The research team used two methods to build this translator. The first aligned the language model's embedding space with the vision model's embedding space using token correspondences, like using a bilingual dictionary to translate. The second method used additional image-text pairs to construct the mapping directly from vision to language space, akin to learning a language through immersion in a foreign country.

The brilliance of SITTA lies in its simplicity and efficiency. Unlike most methods that require backpropagation of gradients through the language model for image captioning, SITTA uses mappings that are computed beforehand. This makes the method computationally light and accessible even for institutions with limited resources.

Now, let's delve into the specifics. The research team compared four linear mapping methods: Ordinary Least Squares (OLS), Ridge, Procrustes, and RobProc. Procrustes emerged as the most effective, capable of identifying shared symmetries between the embedding spaces, akin to finding common patterns in different languages. However, when trained on the MS-COCO dataset's training split, OLS yielded the highest Normalized Discounted Cumulative Gain (NDCG), a measure of ranking quality, on average. Yet, Procrustes outperformed OLS on smaller datasets, proving its effectiveness in resource-constrained scenarios.
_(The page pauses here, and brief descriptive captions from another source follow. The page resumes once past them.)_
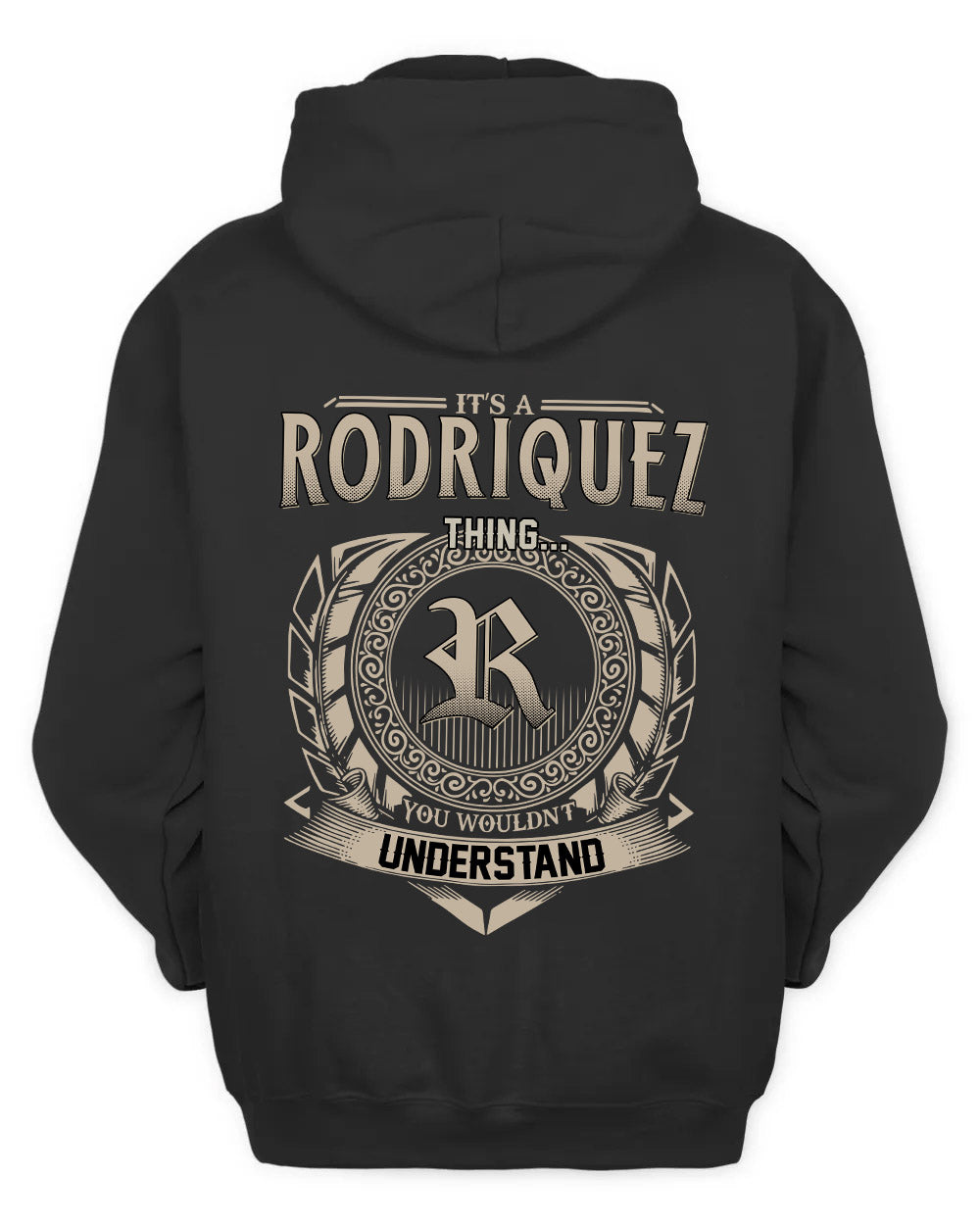 RODRIQUEZ HH88-K2–Personalized Name Quote Apparel “It’s a/an NAME Thing You Wouldn’t Understand”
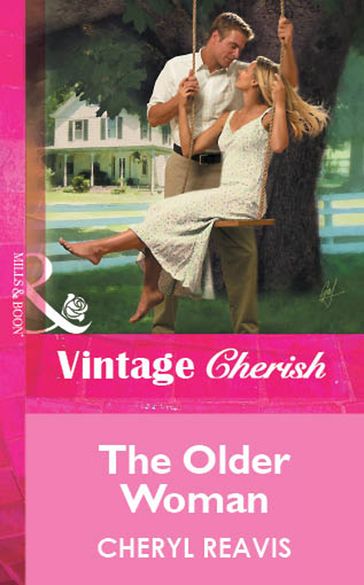 The Older Woman (Mills & Boon Vintage Cherish) - Cheryl Reavis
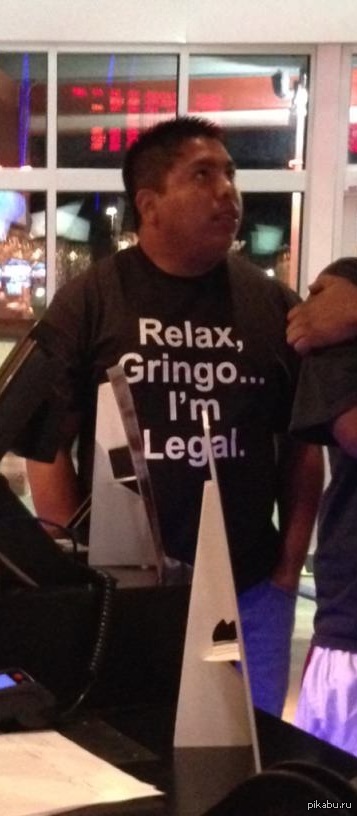 Chill out, Gringo... - Illegals, Chill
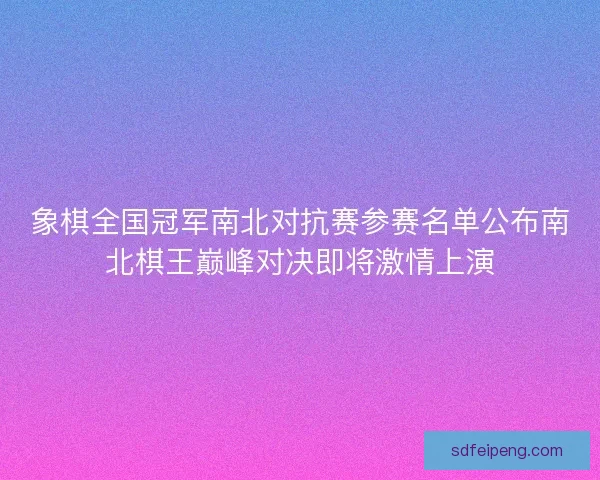 象棋全国冠军南北对抗赛参赛名单公布南北棋王巅峰对决即将激情上演 象棋全国冠军南北对抗赛参赛名单公布南北棋王巅峰对决即将激情上演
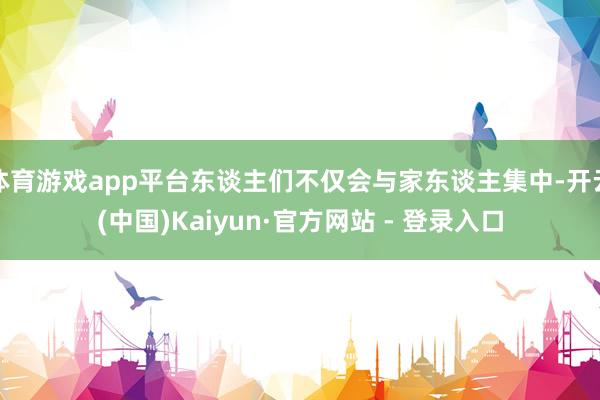 体育游戏app平台东谈主们不仅会与家东谈主集中-开云(中国)Kaiyun·官方网站 - 登录入口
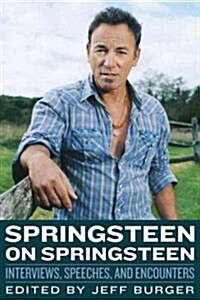Springsteen on Springsteen: Interviews, Speeches, and Encounters (Hardcover)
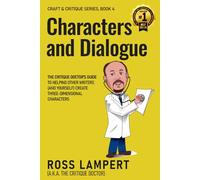 Characters and Dialogue: The Critique Doctor’s guide to helping other writers (and yourself) create three-dimensional characters: 4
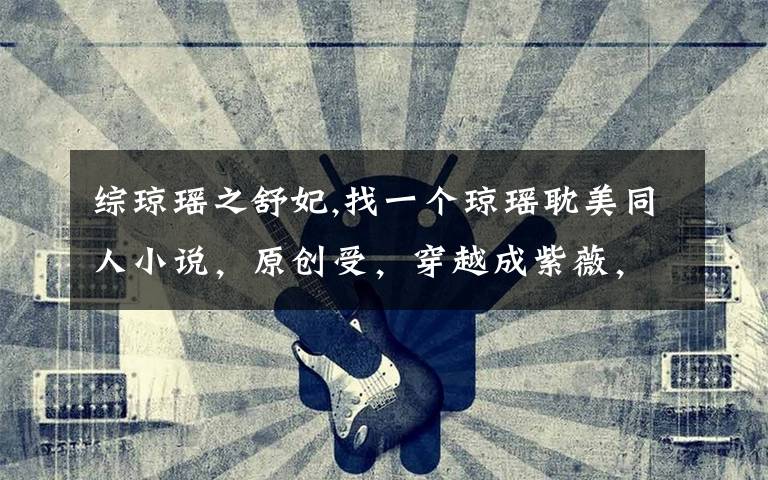 综琼瑶之舒妃,找一个琼瑶耽美同人小说,原创受,穿越成紫薇,后来有改名。是独生子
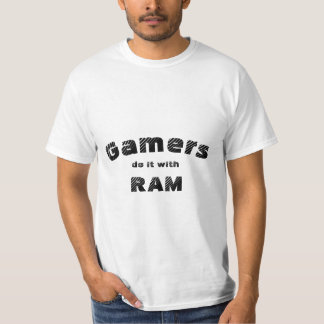 Gamers do it with RAM T Shirt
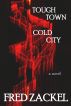 Tough Town Cold City by Fred Zackel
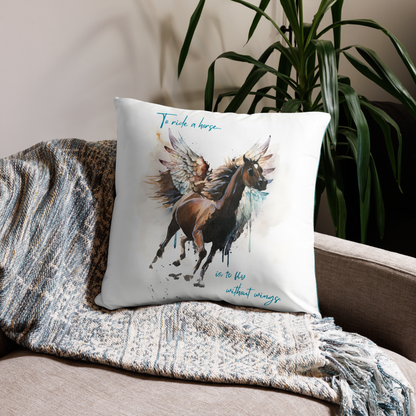 To Fly Without Wings Pillow Case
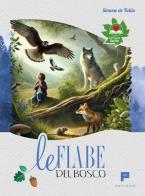 Le fiabe del bosco. Per imparare a rispettare ed amare la natura di Simone de Tullio edito da Massimiliano Piretti Editore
For image captioning, the team combined their semantic mapping with a generative language model, specifically the 7 B version of Llama. This combination, SITTA, was compared to existing methods that transfer a pretrained language model to vision-language tasks in a zero-shot manner, meaning without additional training on the specific task. SITTA showed impressive performance on the MS-COCO benchmark, outperforming other zero-shot methods and even some that perform fine-tuning on image captions.

The research also evaluated the performance of different decoding strategies and vision backbones on the MS-COCO dataset. They found that the largest ResNet variant had better captioning performance than the vision-transformer based architecture, and only greedy decoding yielded valid and meaningful captions.

Interestingly, the team found that inducing variation by permuting tokens in the prompt led to a substantial improvement. This could be likened to rearranging words in a sentence to create more meaningful or accurate translations. They also noted that the mapping trained via lexical matching performed significantly worse than the mapping trained via an external dataset, highlighting the importance of diverse and rich training data.

The research also evaluated SITTA on the Flickr30k dataset, where it again outperformed other methods. Notably, SITTA outperformed MAGIC, Wang et al., and even CapDec on MS-COCO, despite CapDec carrying approximately 193 times more trainable parameters. This is akin to a lightweight, efficient translator outperforming a large, resource-intensive one.

The team also found that the orthogonal constraint on the mapping facilitated transfer across datasets, similar to how understanding the structure of a language can help in learning other languages. They also found that SITTA could work even for models of comparatively low complexity, making image captioning more accessible for users with limited resources.

The research paper concludes by noting that SITTA's semantic mapping only comprises approximately 4 M parameters and training requires only several minutes on a CPU. This makes it a powerful tool for image captioning, outperforming existing related methods that are trained end-to-end or fine-tune the language model for captioning and require much more compute. The future aim is to adapt the method for multiple downstream tasks and to compute the mappings on data originating from different tasks to endow the method with more sophisticated visual reasoning capabilities. The authors advocate for open research and reproducibility, making all their code and pretrained mappings available for evaluation publicly.

In conclusion, the research introduces an efficient, accessible, and effective method to semantically map between the embedding spaces of a pretrained vision encoder and a generative language model. By doing so, it opens up the possibility of generating high-quality image captions even with limited computational resources.